DES MOINES — The consequences of inaction are far more severe than the costs of prevention when it comes to climate change, Bernie Sanders and Alexandria Ocasio-Cortez said Saturday in Iowa. Democratic presidential candidate Sanders hosted a “climate summit” with the New York congresswoman on the Drake University campus. More than 2,000 people attended. A similar event drew more than 2,400 in Council Bluffs, the campaign said.

The costs of inaction on climate change are far greater the costs of fighting it, both Sanders and Ocasio-Cortez said.

“They say a Green New Deal is expensive. And they’re right. It is: $16 trillion over a 10-year period,” Sanders said. “But I want you to tell me: What is the alternative in terms of saving the planet?”

Scientists say Earth’s temperatures are rising in large part because of human activity, especially related to fossil fuels and the release of heat-trapping carbon dioxide into the atmosphere.

Sanders’ proposals for addressing climate change include reaching 100 percent renewable energy for electricity and transportation by 2030 and a carbon-free economy by 2050, helping fossil fuel industry workers displaced by the shift, creating 20 million climate-related jobs, and investing in sustainable agriculture, among other ideas.

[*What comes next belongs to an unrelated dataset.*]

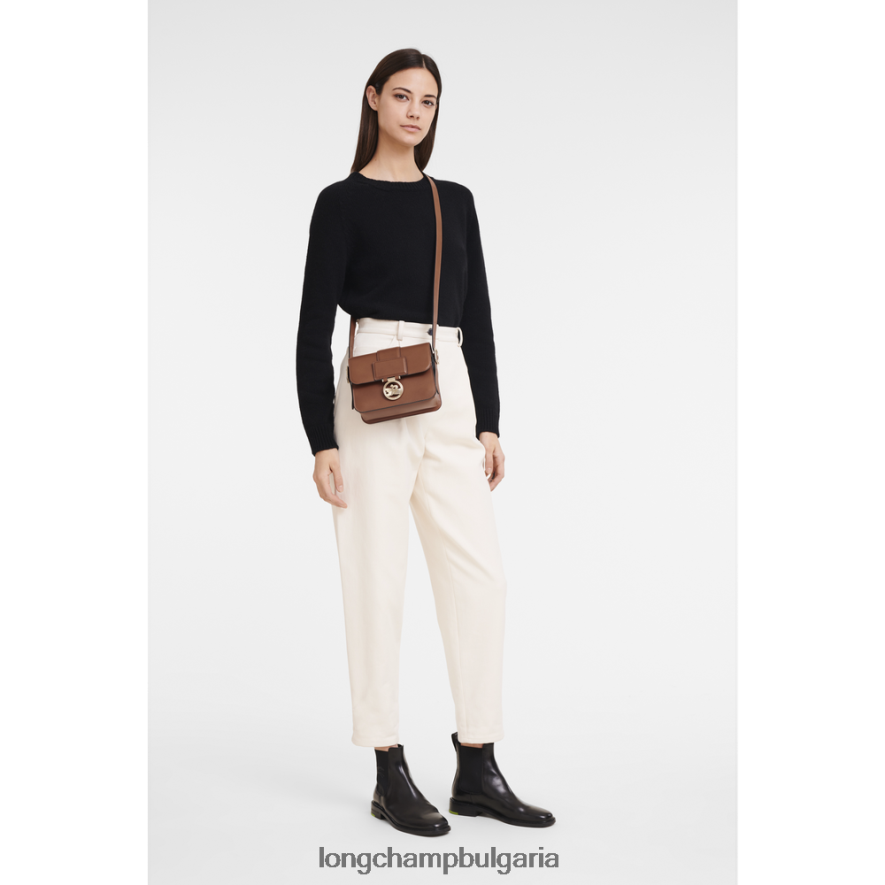 коняк Жени чанта за кръстосано тяло box-trot чанти Longchamp 6084PZ230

The Sanders campaign says the plan would pay for itself over time through taxe and fees on the fossil fuel industry, new revenue from new jobs, taxes on wealthy individuals and large corporations, and reduced military spending because of a reduced need for foreign oil.

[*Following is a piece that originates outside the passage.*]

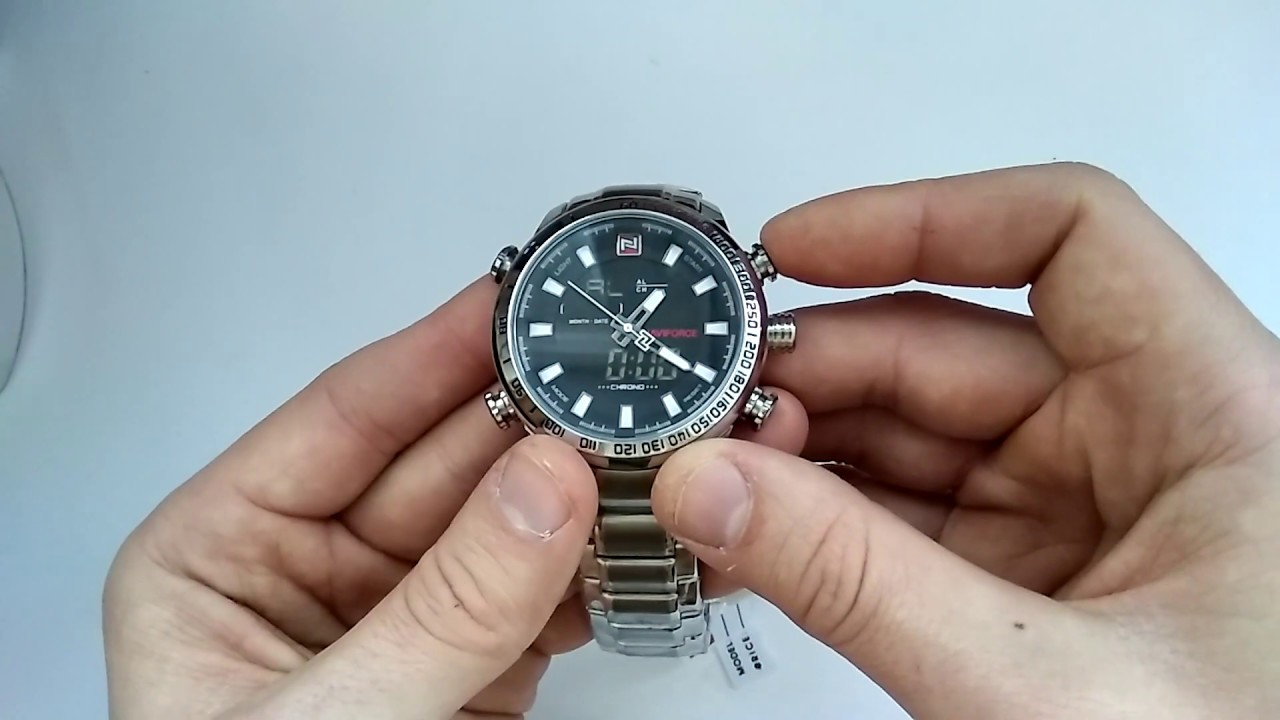 Часы Naviforce nf9093m 9093 Savonna обзор, настройка, инструкция на русском, отзывы, цена, купить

“When it comes to a Green New Deal, people say, always, always, always with this question of how are you going to pay for it? As though we’re not paying for it now,” said Ocasio-Cortez, who has endorsed Sanders in the Democratic presidential primary. “As though the Midwest wasn’t under water this year. As though 3,000 Americans didn’t die in Puerto Rico in Hurricane Maria. As though Hurricane Katrina didn’t happen. As though sea levels aren’t rising. As though California isn’t on fire. How do we pay for that?”

Sanders criticized Republican president Donald Trump for repeatedly denying the science of climate change and for withdrawing the U.S. from global leadership on the issue.

“What we are here to say is that we have an unprecedented global crisis, and the leadership of the United States of America should not be denying that reality. It should be bringing the entire world together to address it,” Sanders said.